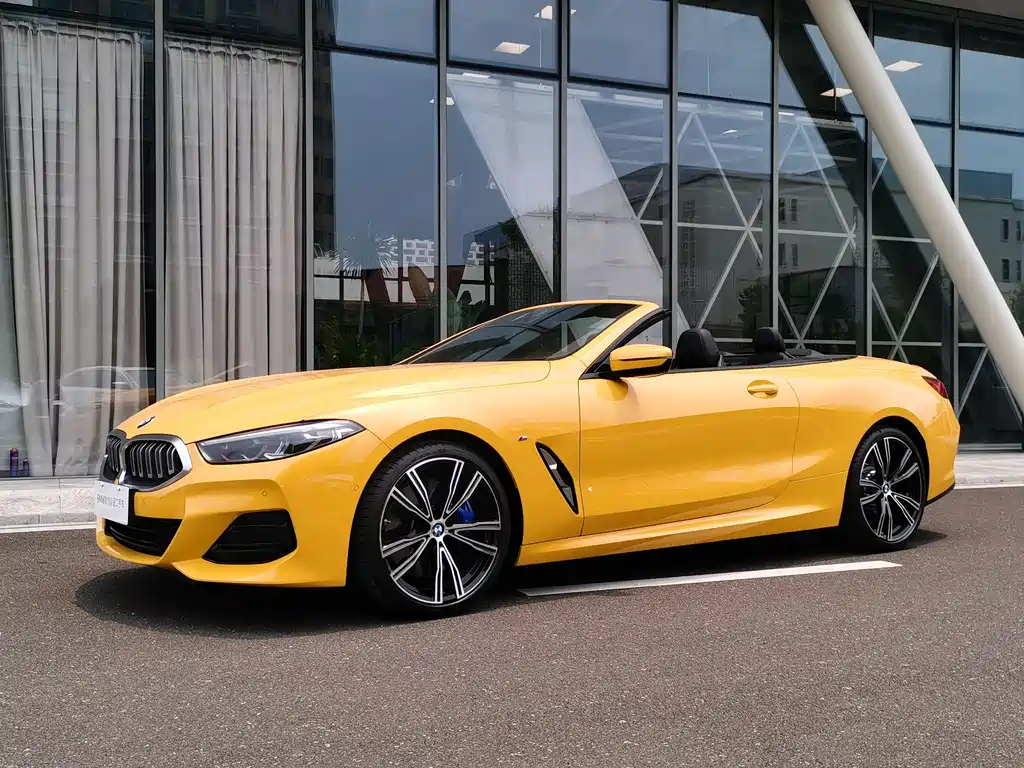 BMW 8 Series — фото 9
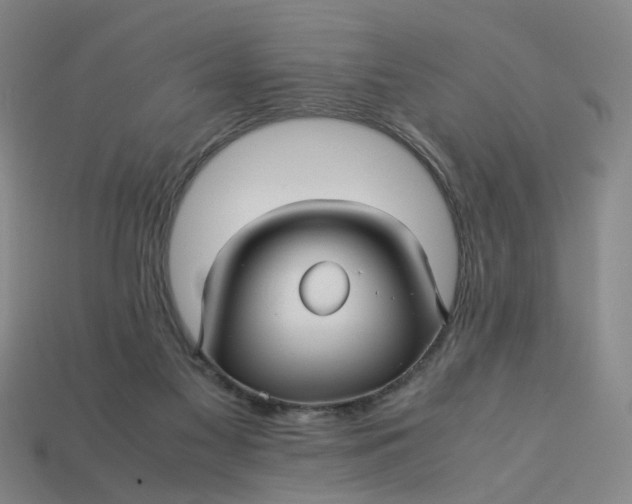 X0000113250117200910011354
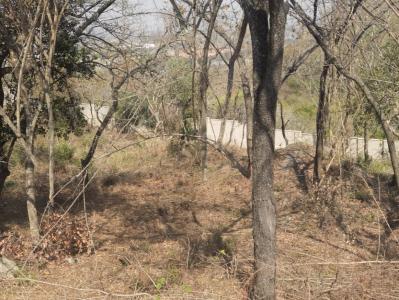 Nelspruit, Mpumalanga, South Africa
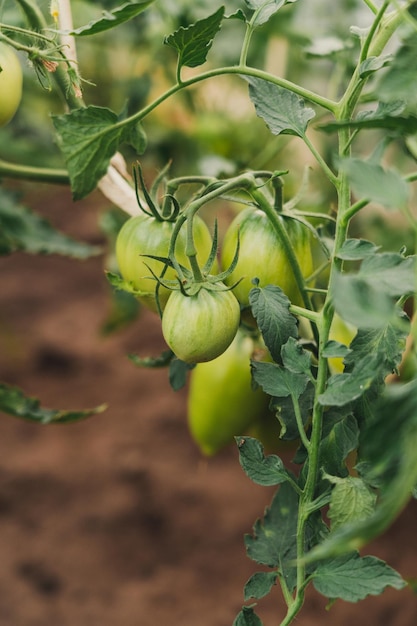 Frutos verdes jovens de tomate crescendo em uma estufa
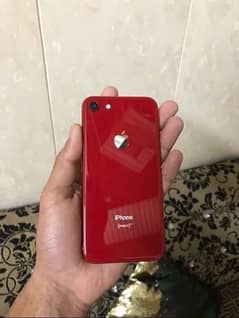 iPhone 8 pta approved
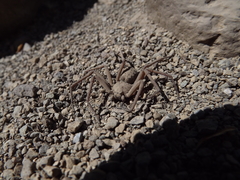 Sicarius thomisoides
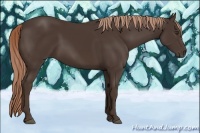 Horse Color:Liver Chestnut Rabicano 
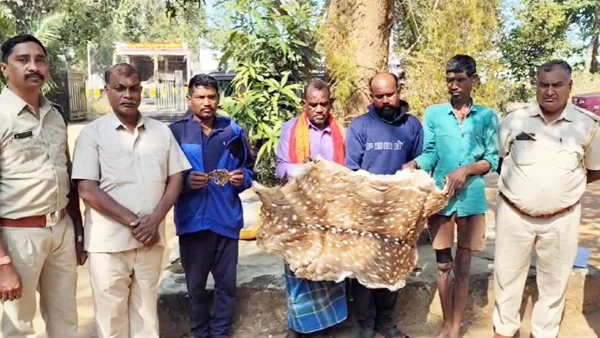 चीतल और तेंदुए की खाल की तस्करी, वन अमले ने 5 आरोपियों को रंगे हाथ दबोचा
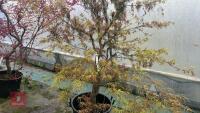 ACER PALMATUM 'VILLA TARANTO' - 2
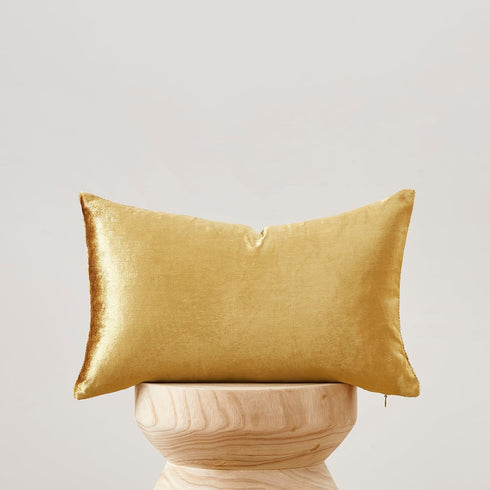 GIGIZAZA Gold Velvet Decorative Throw Pillow Covers - 2 Pack Soft Cushion Cover 12x20 for Sofa Bed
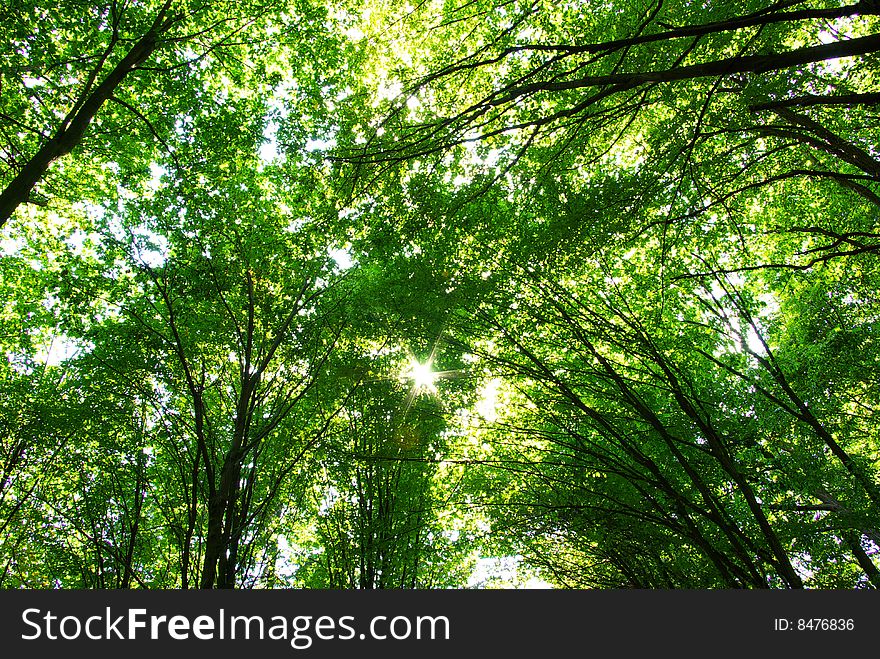 Trees in a  green forest in spring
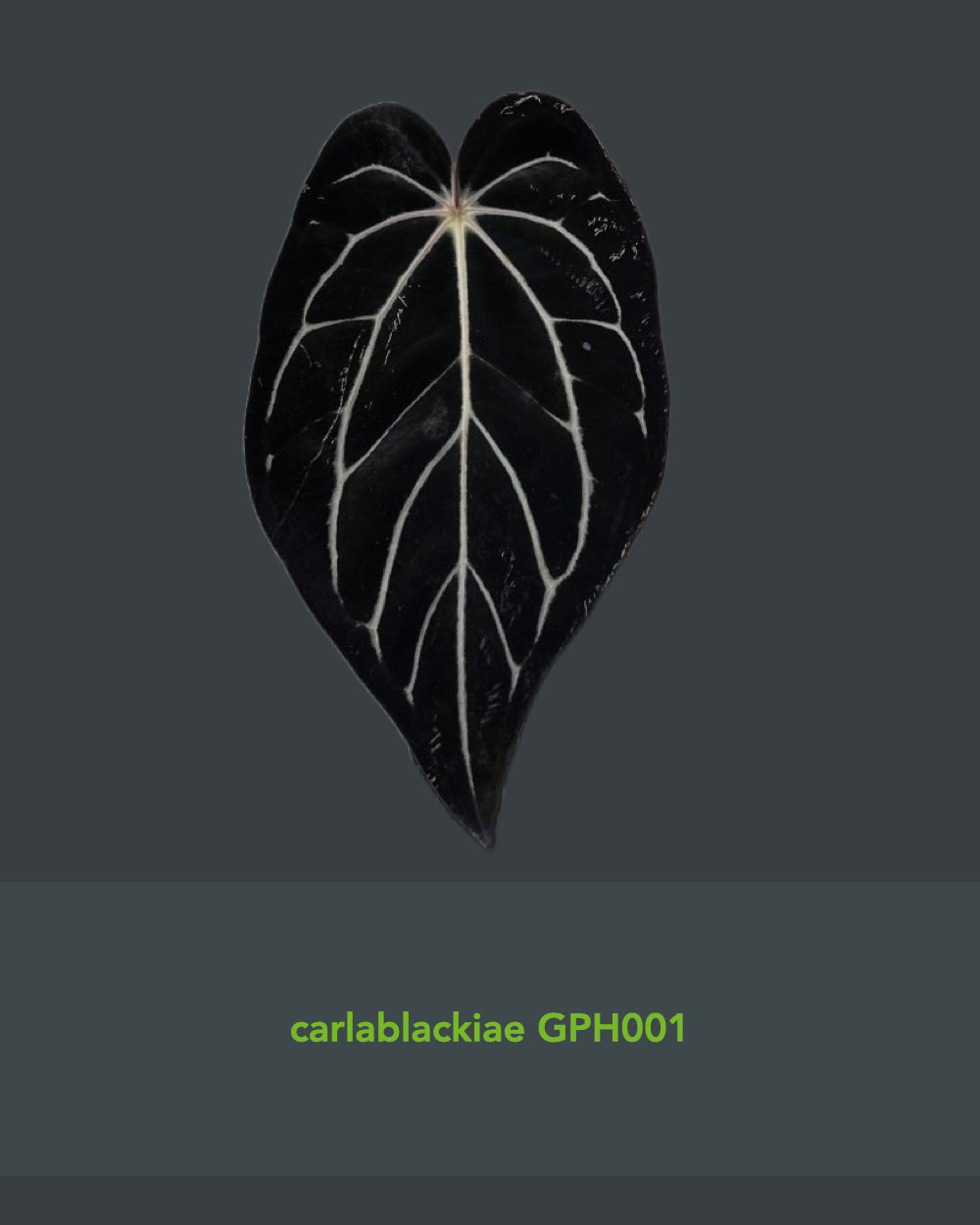 Anthurium antolakii Dark Star x carlablackiae GPH 001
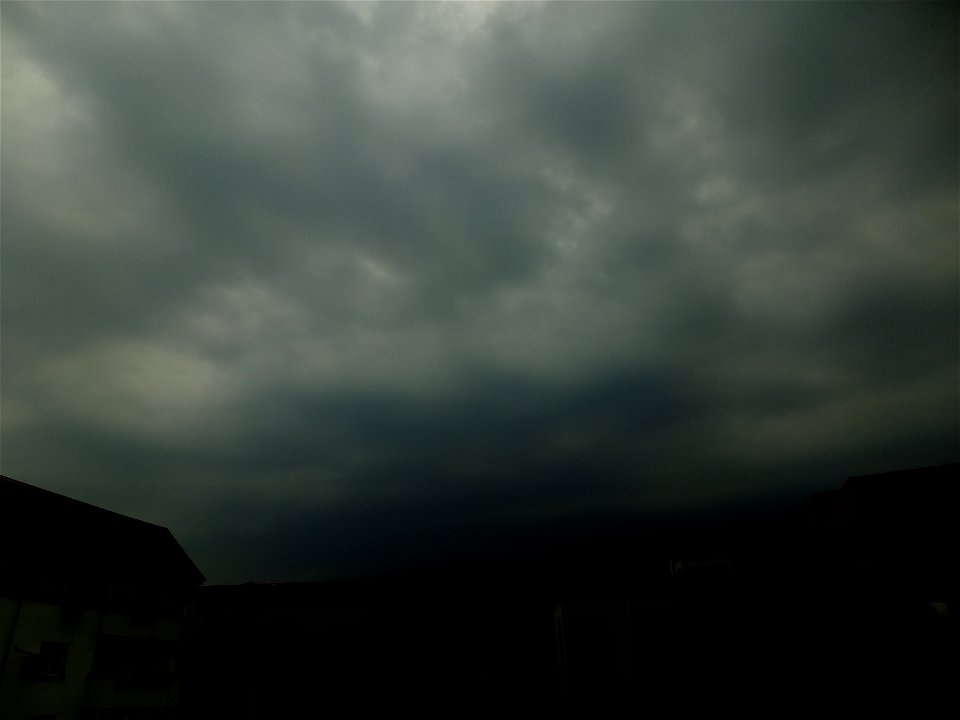 nori-sediu2015_0507_074820(2)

* Exercise prompt *
Copy out every entry above word for word; omit the images.

* Answer section *
 BMW 8 Series — фото 9
 X0000113250117200910011354
 Nelspruit, Mpumalanga, South Africa
 Frutos verdes jovens de tomate crescendo em uma estufa
 iPhone 8 pta approved
 Sicarius thomisoides
 Horse Color:Liver Chestnut Rabicano 
 चीतल और तेंदुए की खाल की तस्करी, वन अमले ने 5 आरोपियों को रंगे हाथ दबोचा
 ACER PALMATUM 'VILLA TARANTO' - 2
 GIGIZAZA Gold Velvet Decorative Throw Pillow Covers - 2 Pack Soft Cushion Cover 12x20 for Sofa Bed
 Trees in a  green forest in spring
 Anthurium antolakii Dark Star x carlablackiae GPH 001
 nori-sediu2015_0507_074820(2)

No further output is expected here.